# Dataset excerpts
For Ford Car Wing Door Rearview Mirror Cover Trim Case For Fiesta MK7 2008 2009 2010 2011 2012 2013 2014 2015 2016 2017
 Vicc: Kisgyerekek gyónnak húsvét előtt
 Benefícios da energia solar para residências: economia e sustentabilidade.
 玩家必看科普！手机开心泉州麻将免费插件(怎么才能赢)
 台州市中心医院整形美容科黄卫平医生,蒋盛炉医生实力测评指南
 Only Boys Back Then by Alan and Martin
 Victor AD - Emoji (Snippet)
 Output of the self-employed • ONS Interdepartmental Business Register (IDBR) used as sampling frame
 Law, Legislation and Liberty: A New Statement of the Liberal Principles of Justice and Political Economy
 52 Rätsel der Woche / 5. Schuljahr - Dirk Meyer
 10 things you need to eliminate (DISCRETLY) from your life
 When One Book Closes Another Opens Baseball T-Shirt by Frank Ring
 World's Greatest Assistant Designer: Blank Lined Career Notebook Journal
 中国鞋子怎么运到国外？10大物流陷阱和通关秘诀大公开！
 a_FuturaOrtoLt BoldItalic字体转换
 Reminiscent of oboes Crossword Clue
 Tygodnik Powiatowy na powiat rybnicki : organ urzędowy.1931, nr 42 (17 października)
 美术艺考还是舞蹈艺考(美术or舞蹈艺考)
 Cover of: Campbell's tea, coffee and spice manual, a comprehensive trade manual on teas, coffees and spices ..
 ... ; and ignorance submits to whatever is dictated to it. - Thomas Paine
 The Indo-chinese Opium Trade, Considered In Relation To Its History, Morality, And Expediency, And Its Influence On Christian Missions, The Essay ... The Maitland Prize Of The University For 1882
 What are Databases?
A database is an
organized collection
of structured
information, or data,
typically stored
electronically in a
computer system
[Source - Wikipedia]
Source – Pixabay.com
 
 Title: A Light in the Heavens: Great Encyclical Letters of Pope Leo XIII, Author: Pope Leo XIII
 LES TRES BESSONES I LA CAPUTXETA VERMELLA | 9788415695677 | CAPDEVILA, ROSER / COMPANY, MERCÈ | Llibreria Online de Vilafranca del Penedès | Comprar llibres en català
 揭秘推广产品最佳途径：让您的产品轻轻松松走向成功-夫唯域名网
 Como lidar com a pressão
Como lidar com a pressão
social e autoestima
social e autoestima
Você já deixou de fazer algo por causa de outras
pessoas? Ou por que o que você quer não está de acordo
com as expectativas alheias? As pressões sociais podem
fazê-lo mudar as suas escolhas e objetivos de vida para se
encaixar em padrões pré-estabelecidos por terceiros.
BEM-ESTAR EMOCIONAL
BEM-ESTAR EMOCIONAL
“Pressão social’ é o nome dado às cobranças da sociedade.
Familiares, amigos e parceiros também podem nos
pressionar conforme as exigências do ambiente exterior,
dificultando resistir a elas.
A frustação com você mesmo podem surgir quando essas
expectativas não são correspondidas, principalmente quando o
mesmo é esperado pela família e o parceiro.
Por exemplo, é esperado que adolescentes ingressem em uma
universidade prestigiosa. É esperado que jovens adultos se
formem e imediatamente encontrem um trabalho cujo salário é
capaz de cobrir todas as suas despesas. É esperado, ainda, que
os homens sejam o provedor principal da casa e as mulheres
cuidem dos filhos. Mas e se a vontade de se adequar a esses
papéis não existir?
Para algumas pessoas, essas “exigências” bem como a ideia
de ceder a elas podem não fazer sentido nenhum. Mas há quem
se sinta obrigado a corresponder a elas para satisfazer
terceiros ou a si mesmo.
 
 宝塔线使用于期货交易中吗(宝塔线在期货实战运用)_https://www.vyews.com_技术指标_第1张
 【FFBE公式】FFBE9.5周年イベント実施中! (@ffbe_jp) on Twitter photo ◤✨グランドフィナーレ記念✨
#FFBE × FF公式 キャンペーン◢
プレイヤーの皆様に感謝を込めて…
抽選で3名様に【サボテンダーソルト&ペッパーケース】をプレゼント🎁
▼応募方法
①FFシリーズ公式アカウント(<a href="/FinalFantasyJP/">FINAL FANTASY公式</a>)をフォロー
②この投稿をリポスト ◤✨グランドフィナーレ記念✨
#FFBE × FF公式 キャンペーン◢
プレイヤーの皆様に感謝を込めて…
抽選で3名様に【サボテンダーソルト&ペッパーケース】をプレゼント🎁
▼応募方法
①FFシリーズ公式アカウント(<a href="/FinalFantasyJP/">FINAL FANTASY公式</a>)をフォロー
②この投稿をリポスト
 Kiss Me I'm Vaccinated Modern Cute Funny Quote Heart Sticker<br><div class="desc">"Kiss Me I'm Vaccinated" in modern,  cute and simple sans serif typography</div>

# About this task
Output every record above exactly as it appears.

# Written response
For Ford Car Wing Door Rearview Mirror Cover Trim Case For Fiesta MK7 2008 2009 2010 2011 2012 2013 2014 2015 2016 2017
 Vicc: Kisgyerekek gyónnak húsvét előtt
 Benefícios da energia solar para residências: economia e sustentabilidade.
 玩家必看科普！手机开心泉州麻将免费插件(怎么才能赢)
 台州市中心医院整形美容科黄卫平医生,蒋盛炉医生实力测评指南
 Only Boys Back Then by Alan and Martin
 Victor AD - Emoji (Snippet)
 Output of the self-employed • ONS Interdepartmental Business Register (IDBR) used as sampling frame
 Law, Legislation and Liberty: A New Statement of the Liberal Principles of Justice and Political Economy
 52 Rätsel der Woche / 5. Schuljahr - Dirk Meyer
 10 things you need to eliminate (DISCRETLY) from your life
 When One Book Closes Another Opens Baseball T-Shirt by Frank Ring
 World's Greatest Assistant Designer: Blank Lined Career Notebook Journal
 中国鞋子怎么运到国外？10大物流陷阱和通关秘诀大公开！
 a_FuturaOrtoLt BoldItalic字体转换
 Reminiscent of oboes Crossword Clue
 Tygodnik Powiatowy na powiat rybnicki : organ urzędowy.1931, nr 42 (17 października)
 美术艺考还是舞蹈艺考(美术or舞蹈艺考)
 Cover of: Campbell's tea, coffee and spice manual, a comprehensive trade manual on teas, coffees and spices ..
 ... ; and ignorance submits to whatever is dictated to it. - Thomas Paine
 The Indo-chinese Opium Trade, Considered In Relation To Its History, Morality, And Expediency, And Its Influence On Christian Missions, The Essay ... The Maitland Prize Of The University For 1882
 What are Databases?
A database is an
organized collection
of structured
information, or data,
typically stored
electronically in a
computer system
[Source - Wikipedia]
Source – Pixabay.com
 
 Title: A Light in the Heavens: Great Encyclical Letters of Pope Leo XIII, Author: Pope Leo XIII
 LES TRES BESSONES I LA CAPUTXETA VERMELLA | 9788415695677 | CAPDEVILA, ROSER / COMPANY, MERCÈ | Llibreria Online de Vilafranca del Penedès | Comprar llibres en català
 揭秘推广产品最佳途径：让您的产品轻轻松松走向成功-夫唯域名网
 Como lidar com a pressão
Como lidar com a pressão
social e autoestima
social e autoestima
Você já deixou de fazer algo por causa de outras
pessoas? Ou por que o que você quer não está de acordo
com as expectativas alheias? As pressões sociais podem
fazê-lo mudar as suas escolhas e objetivos de vida para se
encaixar em padrões pré-estabelecidos por terceiros.
BEM-ESTAR EMOCIONAL
BEM-ESTAR EMOCIONAL
“Pressão social’ é o nome dado às cobranças da sociedade.
Familiares, amigos e parceiros também podem nos
pressionar conforme as exigências do ambiente exterior,
dificultando resistir a elas.
A frustação com você mesmo podem surgir quando essas
expectativas não são correspondidas, principalmente quando o
mesmo é esperado pela família e o parceiro.
Por exemplo, é esperado que adolescentes ingressem em uma
universidade prestigiosa. É esperado que jovens adultos se
formem e imediatamente encontrem um trabalho cujo salário é
capaz de cobrir todas as suas despesas. É esperado, ainda, que
os homens sejam o provedor principal da casa e as mulheres
cuidem dos filhos. Mas e se a vontade de se adequar a esses
papéis não existir?
Para algumas pessoas, essas “exigências” bem como a ideia
de ceder a elas podem não fazer sentido nenhum. Mas há quem
se sinta obrigado a corresponder a elas para satisfazer
terceiros ou a si mesmo.
 
 宝塔线使用于期货交易中吗(宝塔线在期货实战运用)_https://www.vyews.com_技术指标_第1张
 【FFBE公式】FFBE9.5周年イベント実施中! (@ffbe_jp) on Twitter photo ◤✨グランドフィナーレ記念✨
#FFBE × FF公式 キャンペーン◢
プレイヤーの皆様に感謝を込めて…
抽選で3名様に【サボテンダーソルト&ペッパーケース】をプレゼント🎁
▼応募方法
①FFシリーズ公式アカウント(<a href="/FinalFantasyJP/">FINAL FANTASY公式</a>)をフォロー
②この投稿をリポスト ◤✨グランドフィナーレ記念✨
#FFBE × FF公式 キャンペーン◢
プレイヤーの皆様に感謝を込めて…
抽選で3名様に【サボテンダーソルト&ペッパーケース】をプレゼント🎁
▼応募方法
①FFシリーズ公式アカウント(<a href="/FinalFantasyJP/">FINAL FANTASY公式</a>)をフォロー
②この投稿をリポスト
 Kiss Me I'm Vaccinated Modern Cute Funny Quote Heart Sticker<br><div class="desc">"Kiss Me I'm Vaccinated" in modern,  cute and simple sans serif typography</div>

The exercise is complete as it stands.